Word Weaver: It has been 4 years now...I am still struggling to understand shelley's profile picture...


Word Weaver: Hey guess what guys???

I'm BACK!!!!


not good, eh?

    Celtic~Soul: Heya, Weave! Glad to see you! -
    shelley kaye: is this our only warning?

    ;-)

    -
    robyn corum: I'm glad! Now - who told you you could leave in the first place?! Next time get written permission! -
    Word Weaver: oh look!!
    the random is here!!
    lol! -


Word Weaver: Why, oh WHY, are wrong numbers NEVER busy?????
    shelley kaye: because then you wouldn't know you had a wrong number :)
    -
    robyn corum: how could anonymous be SUCH a prolific writer? -
    Word Weaver: anonymous??

    *confused* -


Word Weaver:


Word Weaver:
    Word Weaver: yipppeeeeeeeeeeeeeeeee!!!! My first video!!! can't believe I did it!!

    *bows to clapping crowd*

    yeah I know...about time...specially if you're at MIT... -
    shelley kaye: i hate gummibears - too sweet. but the little green guy in you video is cute. you did it yourself? good work.... i give you five stars ***** ;-)

    -
    Word Weaver: *isn't feeling like denying the credit*

    so i'll just smile... :) -
    Maureen's Pen: Oh my kids and I loved those gummibear vids on youtube.....and they always had me play em....I just had one of the star gummi on my page a few months back, getting to enjoy another...love it....tis a little embarassing to say I am singing the blasted song in my head as I write this....shhhhh:) -


Word Weaver: is helping the army of ants invade Mom's pantry again...
    shelley kaye: hurry! save the chocolate! ;)

    -
    Celtic~Soul: We've had mice in our kitchen drawers. Damned, dirty little buggers pooping all over my silverware.
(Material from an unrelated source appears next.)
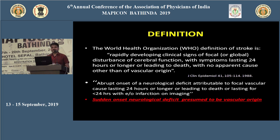The definition of stroke we should remember is: sudden onset neurological deficit presumed to be of vascular origin. This definition should be remembered by everyone.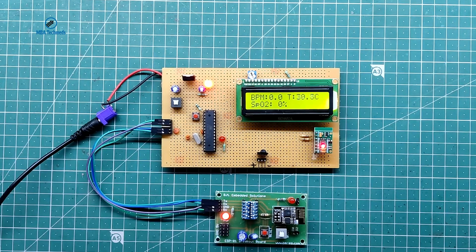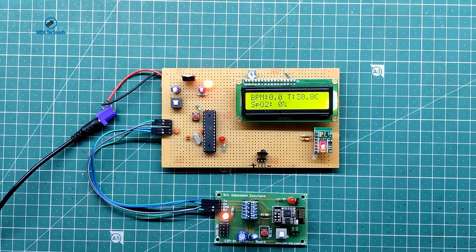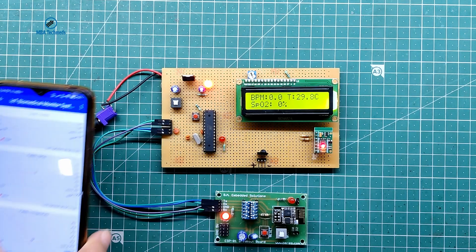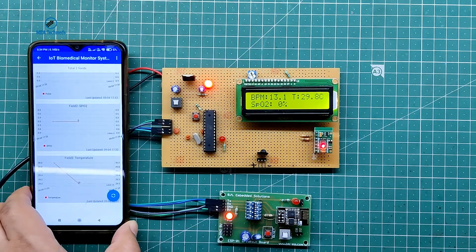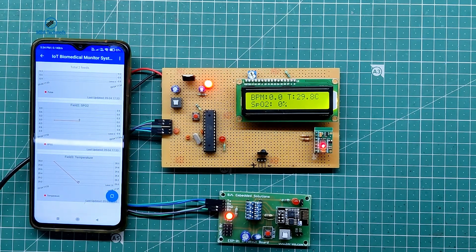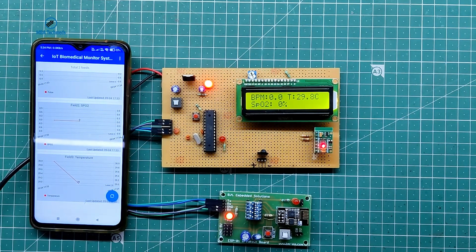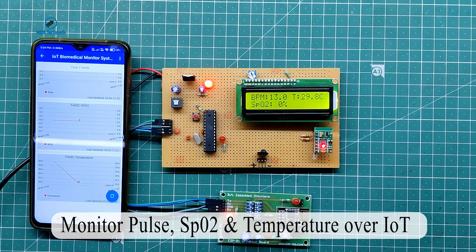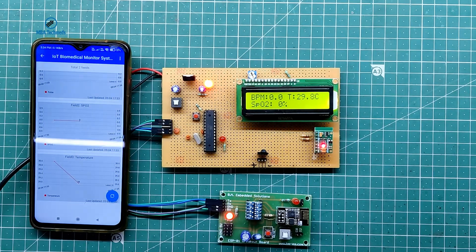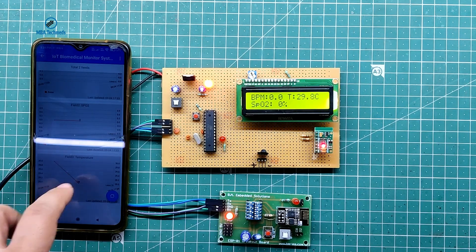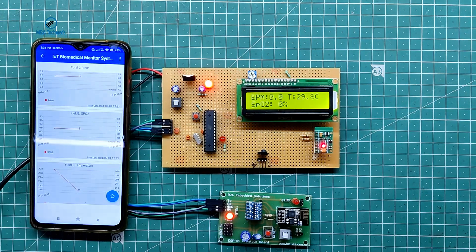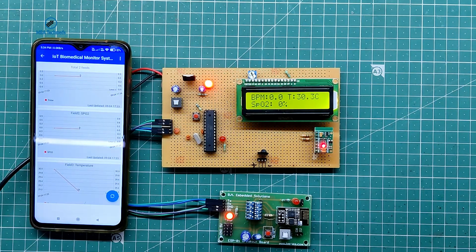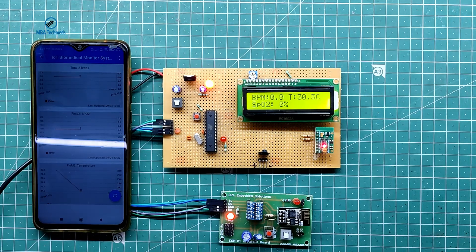Hello friends, this is the demo of IoT Biomedical Monitoring System in which we will be monitoring three biomedical parameters: Pulse Rate, SpO2 or Blood Oxygen, and Temperature, uploading it to an app in real time which will show graphical values.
Or at least they were before the nice no-touch traps busted their widdle mousy necks. Caught 5 so far. Hope we got them all!

    Mice in cages = adorable pets

    Mice in kitchen = violent (but quick) deaths -
    purrfect tale: Sounds like the opening line to a horror story to me.
    -
    Word Weaver:
    *mourns for the mice :'(*
    *now dreaming of a better world where mice can wander around kitchens in peace without their motives questioned*
    -


Word Weaver:
ummm...Tom?
can you please make us a FanCooking or a FanRecipes?
pleeeeeease, pleeease, pleeeeeeeeeeeeeeeeeeeeeeeease???

    LadyCosgrove: That sounds like an excellent idea!
    What do you say Tom? -
    FanStory: Really? -
    shelley kaye: or a new forum to share cooking recipes....
    -
    Bellydanser: I bet it would go like hotcakes. ;) -
    Anisa-: That'd be pretty awesome! I was just flipping through my cake/cupcake decorations book and thinking about how fun it would be to share designs, etc and get ideas.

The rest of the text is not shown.